Work to complete:
Across the entries below, determine how many lines include the word "Raglan". State only the resulting number.
——————
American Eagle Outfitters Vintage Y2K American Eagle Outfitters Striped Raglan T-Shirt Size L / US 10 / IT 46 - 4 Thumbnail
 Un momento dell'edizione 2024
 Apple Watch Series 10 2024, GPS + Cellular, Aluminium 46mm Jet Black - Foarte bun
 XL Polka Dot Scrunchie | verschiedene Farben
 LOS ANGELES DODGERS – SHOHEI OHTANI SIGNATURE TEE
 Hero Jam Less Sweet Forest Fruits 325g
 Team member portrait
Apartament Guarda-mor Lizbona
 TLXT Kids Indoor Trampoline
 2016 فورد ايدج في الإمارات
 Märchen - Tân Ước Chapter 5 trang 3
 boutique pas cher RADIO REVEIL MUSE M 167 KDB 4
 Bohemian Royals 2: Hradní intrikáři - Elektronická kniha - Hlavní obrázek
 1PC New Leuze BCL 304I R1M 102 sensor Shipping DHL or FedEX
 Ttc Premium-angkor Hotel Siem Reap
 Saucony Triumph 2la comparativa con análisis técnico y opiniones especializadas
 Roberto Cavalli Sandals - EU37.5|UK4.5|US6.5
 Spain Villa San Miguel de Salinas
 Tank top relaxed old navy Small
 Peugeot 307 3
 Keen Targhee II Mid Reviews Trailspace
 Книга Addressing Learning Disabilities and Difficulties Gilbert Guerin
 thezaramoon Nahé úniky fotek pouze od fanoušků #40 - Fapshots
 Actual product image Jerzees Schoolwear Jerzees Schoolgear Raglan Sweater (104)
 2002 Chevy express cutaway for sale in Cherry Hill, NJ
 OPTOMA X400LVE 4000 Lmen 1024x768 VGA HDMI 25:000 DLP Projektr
——————
Output below:
2